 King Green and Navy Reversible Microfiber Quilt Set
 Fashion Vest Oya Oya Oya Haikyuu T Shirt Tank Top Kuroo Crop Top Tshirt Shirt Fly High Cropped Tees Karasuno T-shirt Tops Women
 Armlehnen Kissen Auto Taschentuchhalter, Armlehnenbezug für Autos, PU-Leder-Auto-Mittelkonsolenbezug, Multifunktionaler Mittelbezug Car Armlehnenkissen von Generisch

============

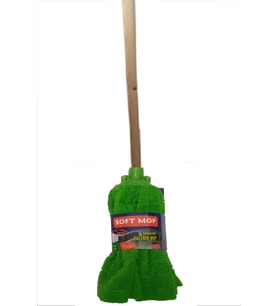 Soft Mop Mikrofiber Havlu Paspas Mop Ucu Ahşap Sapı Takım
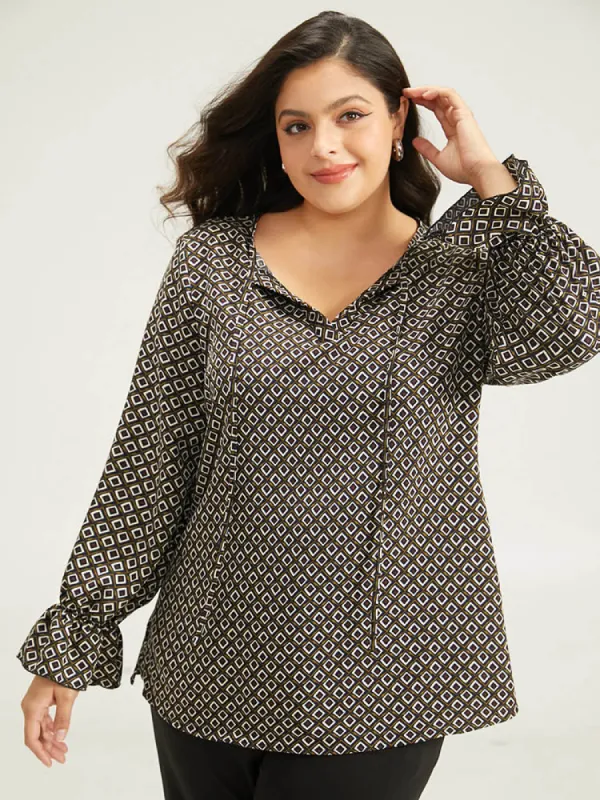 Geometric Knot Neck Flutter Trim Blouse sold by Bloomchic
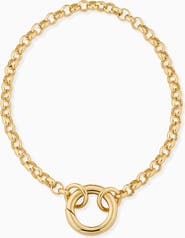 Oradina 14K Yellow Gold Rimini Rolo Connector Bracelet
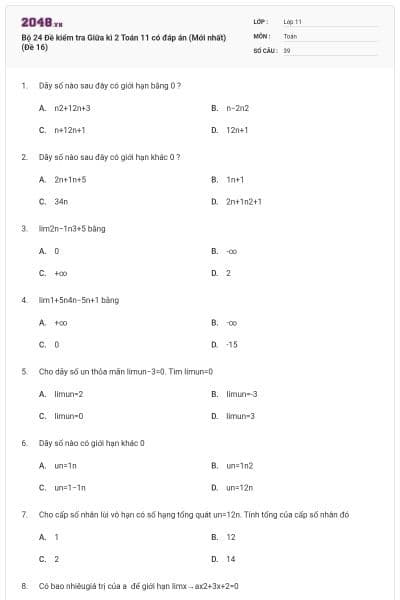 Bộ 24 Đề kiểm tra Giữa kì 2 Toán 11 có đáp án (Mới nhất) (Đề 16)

============

The entries above hold a line with "Fashion Vest Oya" and a later line with "Armlehnen Kissen Auto". Write out exactly those lines and all lines between, nothing more.

EXERCISE SOLUTION:
 Fashion Vest Oya Oya Oya Haikyuu T Shirt Tank Top Kuroo Crop Top Tshirt Shirt Fly High Cropped Tees Karasuno T-shirt Tops Women
 Armlehnen Kissen Auto Taschentuchhalter, Armlehnenbezug für Autos, PU-Leder-Auto-Mittelkonsolenbezug, Multifunktionaler Mittelbezug Car Armlehnenkissen von Generisch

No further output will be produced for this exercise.